Mice.mice — Function

mice(
    data;
    m::Int = 5,
    imputeWhere::Union{NamedVector{Vector{Bool}}, Nothing} = nothing,
    visitSequence::Union{Vector{String}, Nothing} = nothing,
    methods::Union{NamedVector{String}, Nothing} = nothing,
    predictorMatrix::Union{NamedMatrix{Bool}, Nothing} = nothing,
    iter::Int = 10,
    progressReports::Bool = true,
    gcSchedule::Float64 = 1.0,
    threads::Bool = false,
    kwargs...
    )

Imputes missing values in a dataset using the MICE algorithm. The output is a Mids object.

The data containing missing values (data) must be supplied as a Tables.jl table.

The number of imputations created is specified by m.

imputeWhere is a NamedVector of boolean vectors specifying where data are to be imputed. The default is to impute all missing data.

The variables will be imputed in the order specified by visitSequence. The default is sorted by proportion of missing data in ascending order; the order can be customised using a vector of variable names in the desired order. Any column not to be imputed at all can be left out of the visit sequence.

The imputation method for each variable is specified by the NamedArray methods. The default is to use predictive mean matching (pmm) for all variables. Currently only pmm is supported. Any variable not to be imputed can be marked as such using an empty string ("").

The predictor matrix is specified by the NamedArray predictorMatrix. The default is to use all other variables as predictors for each variable. Any variable not predicting another variable can be marked as such in the matrix using a 0.

The number of iterations is specified by iter.

If progressReports is true, a progress indicator will be displayed in the console.

gcSchedule dictates when the garbage collector will be (additionally) invoked. The number provided is the fraction of your RAM remaining at which the GC will be called. For small datasets, you may get away with a value of 0.0 (never called), but for larger datasets, it may be worthwhile to call it more frequently. The default is to call it after each iteration of each variable (1.0), but this may negatively affect performance if it is not necessary for your dataset.

threads dictates whether multi-threading will be used.

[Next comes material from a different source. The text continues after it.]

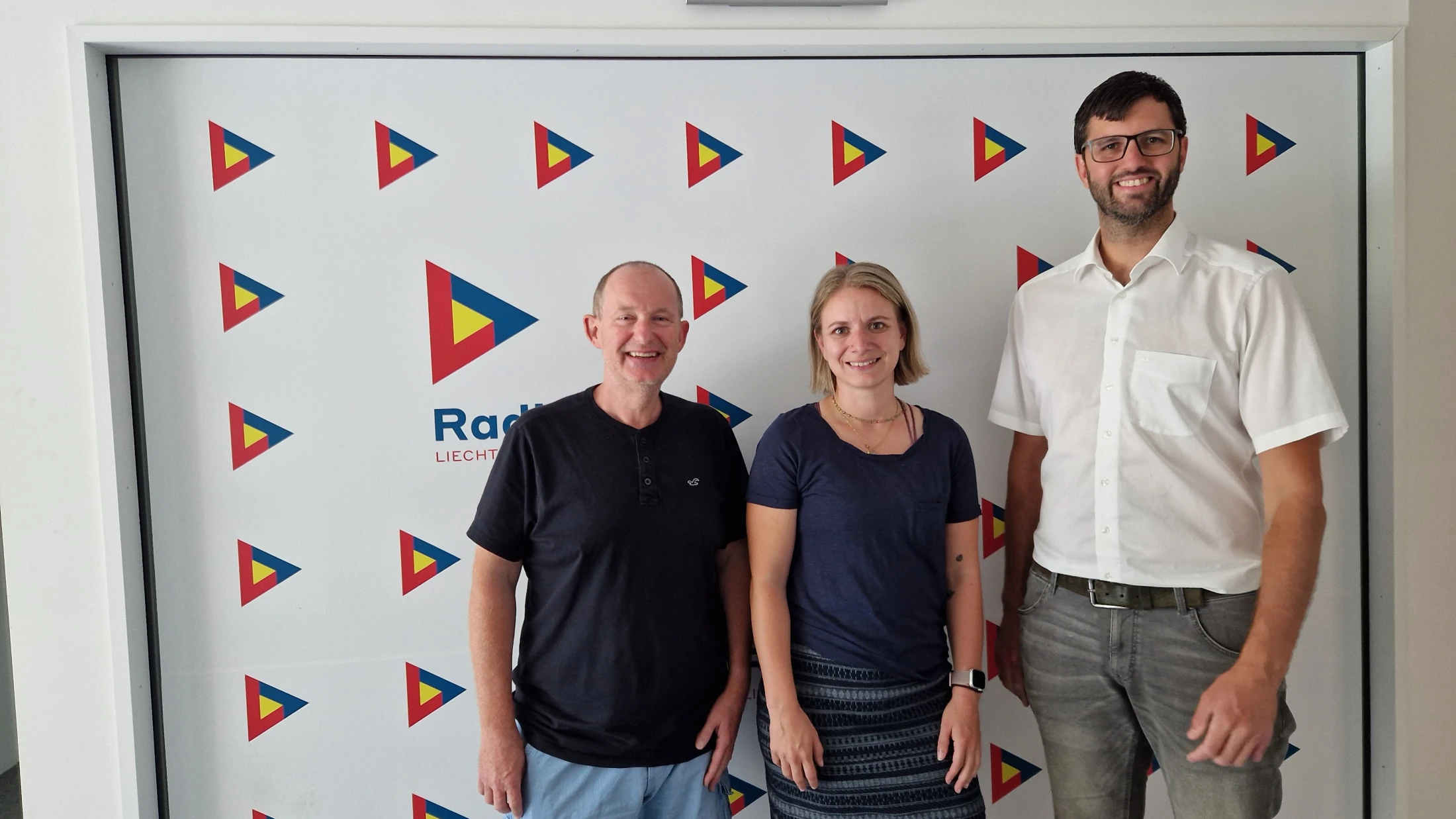 © Radio Liechtenstein © Radio Liechtenstein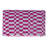 Mabel Designer Modern Ultra Soft Reversible Plush Rectangular Pet Bed with Washable Cover-106171327-106171332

This will improve performance for larger jobs if and only if Julia has been launched with multiple threads (which you can verify by calling Threads.nthreads()). The default is false.

source

mice(
    mids::Mids;
    iter::Int = 10,
    progressReports::Bool = true,
    gcSchedule::Float64 = 1.0,
    threads::Bool = false,
    kwargs...
    )

Adds additional iterations to an existing Mids object.

The number of additional iterations is specified by iter.

progressReports, gcSchedule and threads can also be specified: all other arguments will be ignored.

source

Customising the imputation setup

You can customise various aspects of the imputation setup by passing keyword arguments to mice. These are described above. You can also use some of the functions below to define objects that you can customise to alter how mice handles the imputation.

Locations to impute

You can customise which data points are imputed by manipulating the imputeWhere argument. By default, this will specify that all missing data are to be imputed (using the function findMissings()).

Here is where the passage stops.